World War II, of course, changed all that. I'd always hoped to spend a summer in Europe when I was in college, but I didn't know it was going to be an autumn, winter, spring and summer and then some, and I wasn't exactly a tourist.

Since then the world has opened up for all of us, but especially for those who are younger. The jet plane managed to shrink things, and between immigration from all over and America's involvement in countries all over the world, we have been granted, willing or not, a global outlook.

Sometimes I wonder if this is good or bad. We have gained a new appreciation of many different kinds of peoples and cultures, but we've also lost the village kind of intimacy I enjoyed when I was growing up.
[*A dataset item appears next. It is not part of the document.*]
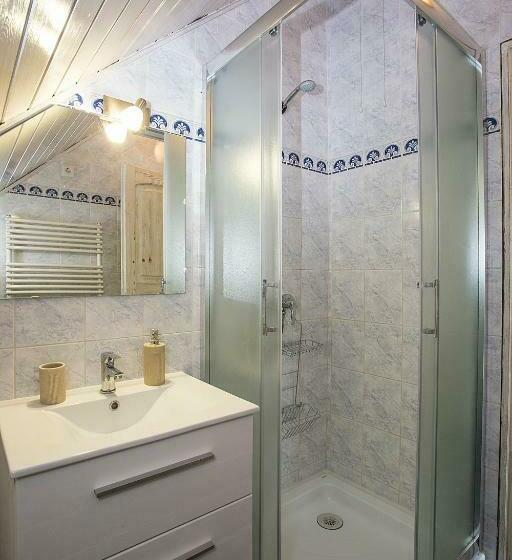 غرفة قياسية ثلاثية مزودة بشرفة, Gyulavezér Lovasbirodalma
We don't spend time in front of our houses chatting with neighbors. Often we don't really know much of anything about who lives next door or down around the corner. Our streets usually are empty. Not many people walk just for the pleasure of it. Instead they drive their cars, even two blocks to the store for groceries.

Maybe, as Hillary Clinton alleges, it takes a village to raise a child, but a lot of our children are being raised without one. Instead they are growing up both in the world (taking a honeymoon trip to Bali) and among strangers.

Unfortunately, one can't go back to the village, or at least to the village in which I grew up. It's no longer there. Now it is a city of more than 50,000, plagued with all the things cities of 50,000 are plagued with. One can't go home.

I suppose that sounds pretty much like what it is, an old man grousing. And I know I am old.

But I do often wish I could find a gentler, kinder time in a gentler, kinder and smaller world.